Einen eigenen Charakter weist das sechste Kapitel auf, insofern es sich um sieben Kurzbeiträge handelt, die als »journalistische Arbeiten« charakterisiert werden und Themen behandeln, die meist zuvor schon anderweitig angeklungen sind (Papst Franziskus, Fall Limburg, Zweites Vatikanum etc.). Der Titel des letzten der sieben Kapitel ist mit dem des Buches identisch: »Gegen den Uhrzeigersinn«. Weshalb die acht Kurzbeiträge nicht unter das siebte Kapitel subsumiert wurden, bleibt offen, werden doch auch hier auf jeweils zwei bis drei Seiten Themen behandelt, die vom Wert des Lebens über Europa bis hin zu Weihnachten und Ostern reichen und die theologischen und kirchlichen Ressourcen für die gegenwärtige Gesellschaft herausarbeiten, ebenso, wie dies der letzte, das Buch wie ein Schlusswort abrundende Beitrag tut, der vom Ende der theologischen Bescheidenheit spricht und dazu aufruft, »dass die Theo logie selbstbewusst und nachdrücklich ihre Expertisen gesellschaftlich anmeldet und kirchlich zur Geltung bringt.« (269)
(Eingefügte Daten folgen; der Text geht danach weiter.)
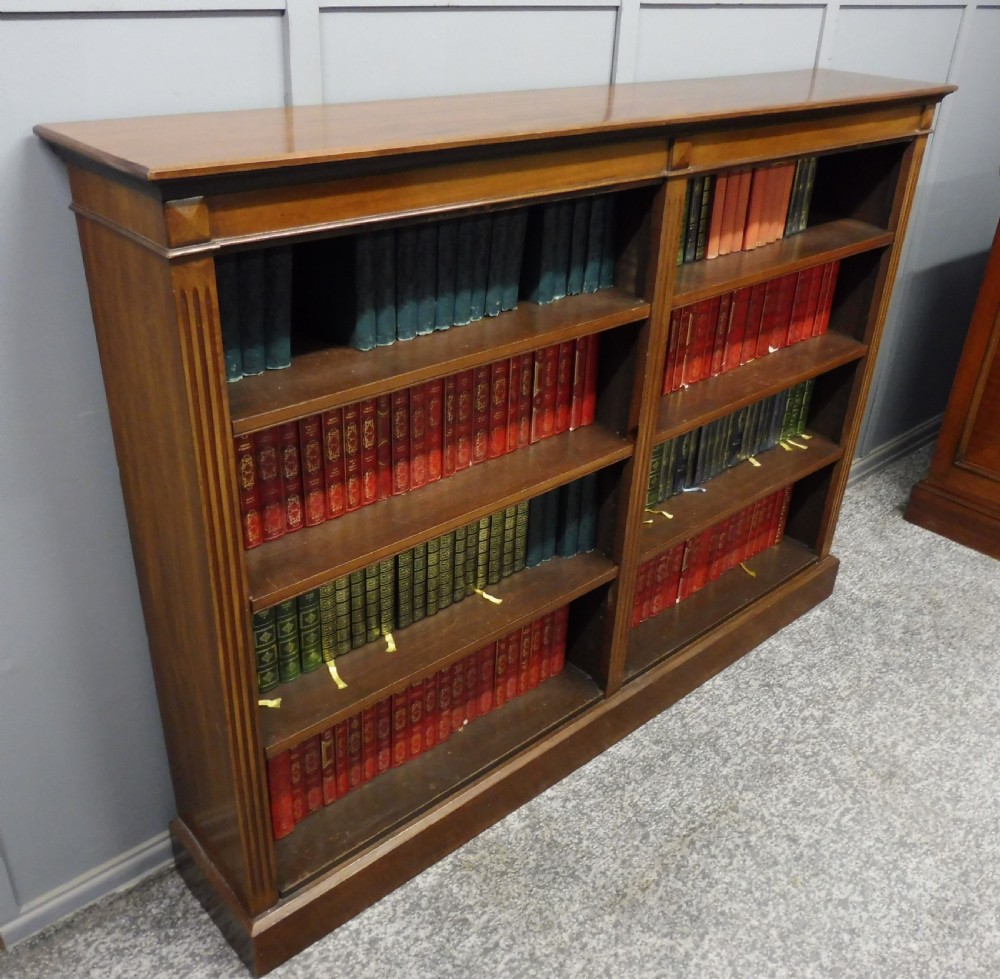 EDWARDIAN MAHOGANY OPEN BOOKCASE  View IX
Der Sammelband bündelt eine Fülle von Beiträgen unterschiedlicher Genres. Redundanzen sind dabei naturgemäß unvermeidlich. Auch sind nicht alle Beiträge für eine Ekklesiologie, die auf der Höhe der Zeit sein möchte, gleichermaßen von Bedeutung. Diese Kritikpunkte können aber auch als Stärken des Bandes ausgelegt werden: Die vielen anregenden und lesenswerten Beiträge sind in sich stehend und können je nach Themeninteresse selektiv gelesen werden, wobei über ekklesiologische Themen hinaus zugleich Interessantes über die Theologie im Allgemeinen und ihre Methodologie und Erkenntnistheorie zu erfahren ist.